Sa mère n'avait encore pris aucune part aux affaires; le roi et sa vieille maîtresse l'en avaient constamment écartée. Le roi mort, tous les regards se tournèrent vers elle: on pensait qu'elle allait régner.

Trois grands partis, les Guise, les Montmorency, les princes du sang, se disputaient le pouvoir. Catherine aurait voulu les tenir tous à distance, mais ils se seraient ligués contre elle; il fallait faire un choix. Tous ils l'avaient négligée, humiliée du vivant du feu roi; les Guise, comme le connétable, lui avaient fait l'injure de s'allier à la favorite.

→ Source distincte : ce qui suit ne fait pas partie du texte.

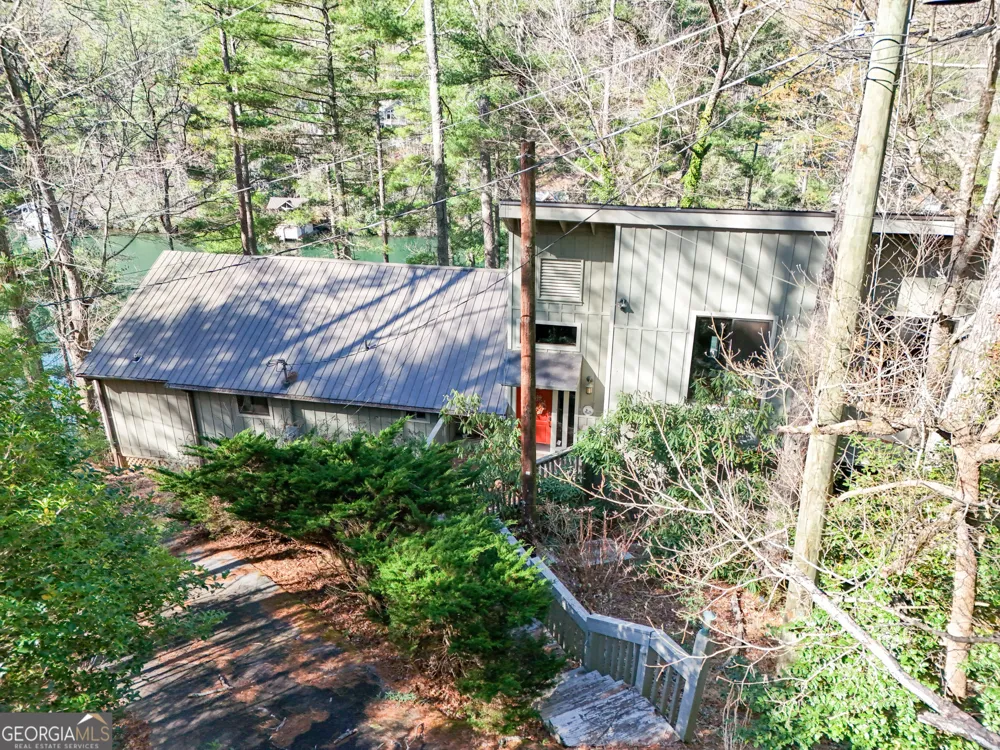 91 Dragway LN Lakemont, GA 30552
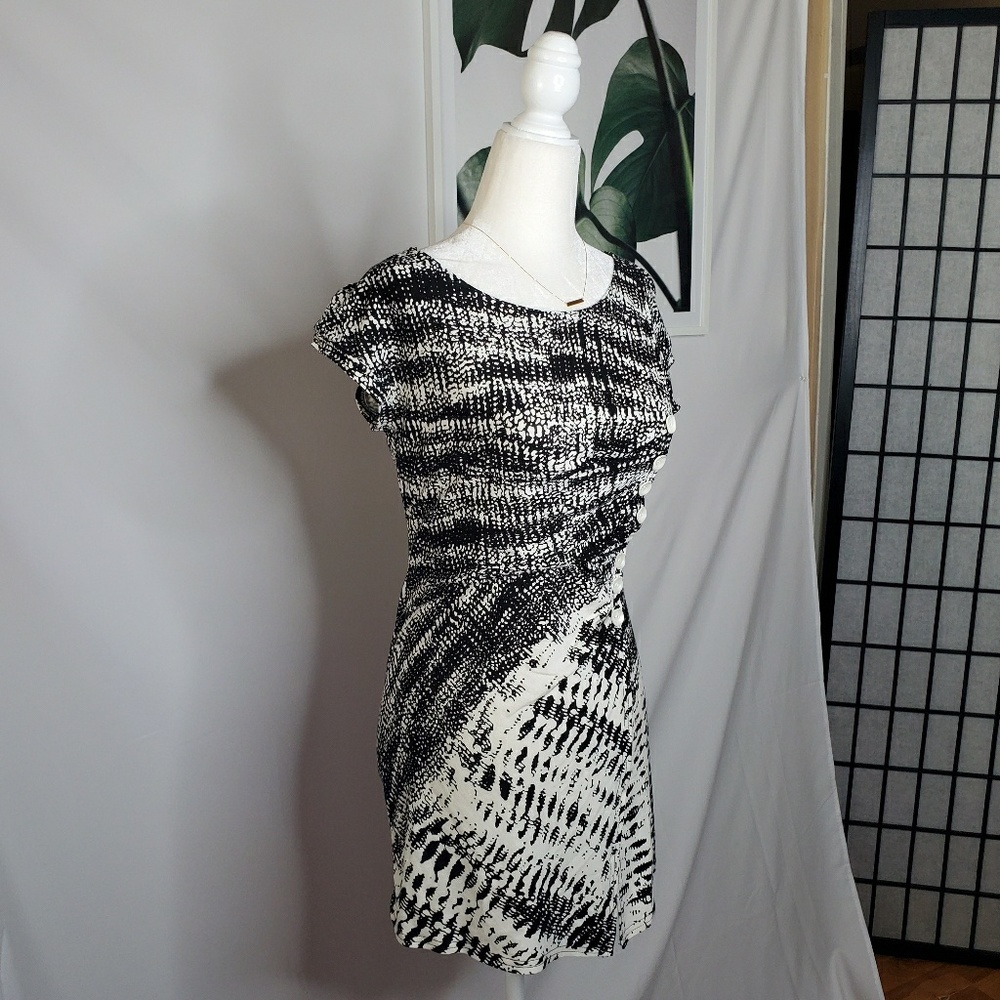 Joseph Ribkoff Abstract Print Asymmetrical Dress - Picture 2 of 5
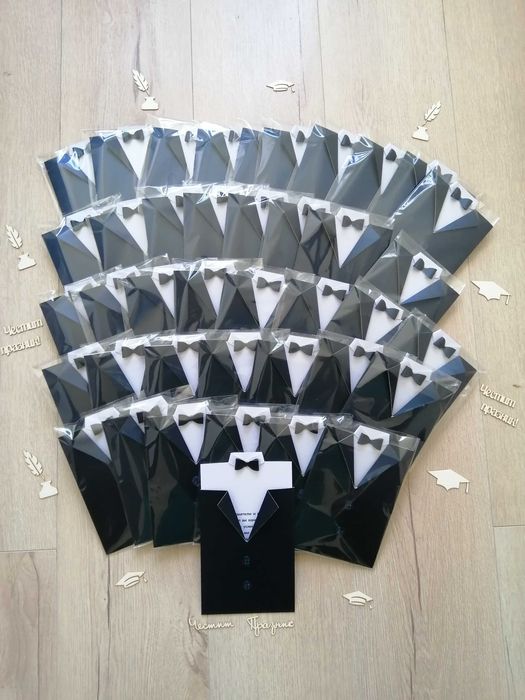 Ръчно изработени покани за абитуриентски бал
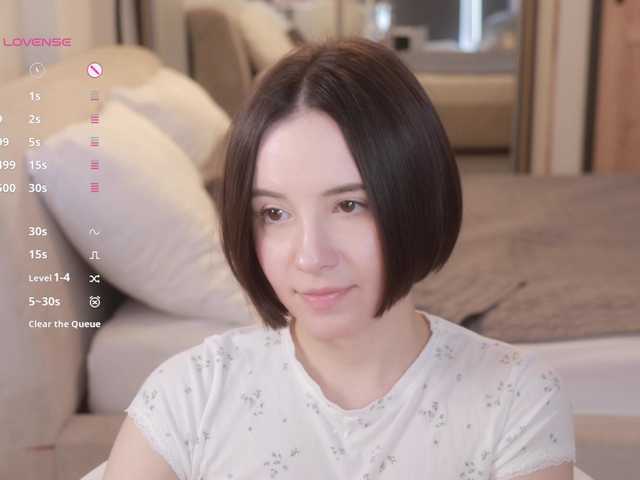 -FemaleEssence- live webcam show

Elle avait cependant contre le connétable de plus vives rancunes que contre ses rivaux, et, quant aux princes du sang, quoique puissans dans le pays, leur éloignement de la cour, leur penchant à l'hérésie, ne permettaient pas de s'allier à eux les Guise furent donc préférés. A vrai dire, le choix n'était pas libre. La jeune reine, Marie Stuart, exerçait sur son mari un souverain empire, et MM. de Guise étaient ses oncles.

Ceux-ci, en gens habiles, avaient promis à la reine-mère toute espèce de services et de soumissions. Dans les premiers momens, ils tinrent parole, et tout marcha d'accord entre Catherine et eux; mais, quand une fois leurs principaux ennemis furent abattus, chassés, dépossédés de leurs emplois, quand le cardinal de Lorraine se fut bien assuré de la surintendance des finances, et le duc de Guise du commandement suprème de l'armée, ils commencèrent à changer de ton. Bientôt la reine-mère ne fut plus admise au conseil qu'à certains jours et pour certaines affaires. On gardait encore avec elle les apparences du respect; mais plus de confidences, plus d'intimité: MM. de Guise avaient accaparé tout le gouvernement du royaume.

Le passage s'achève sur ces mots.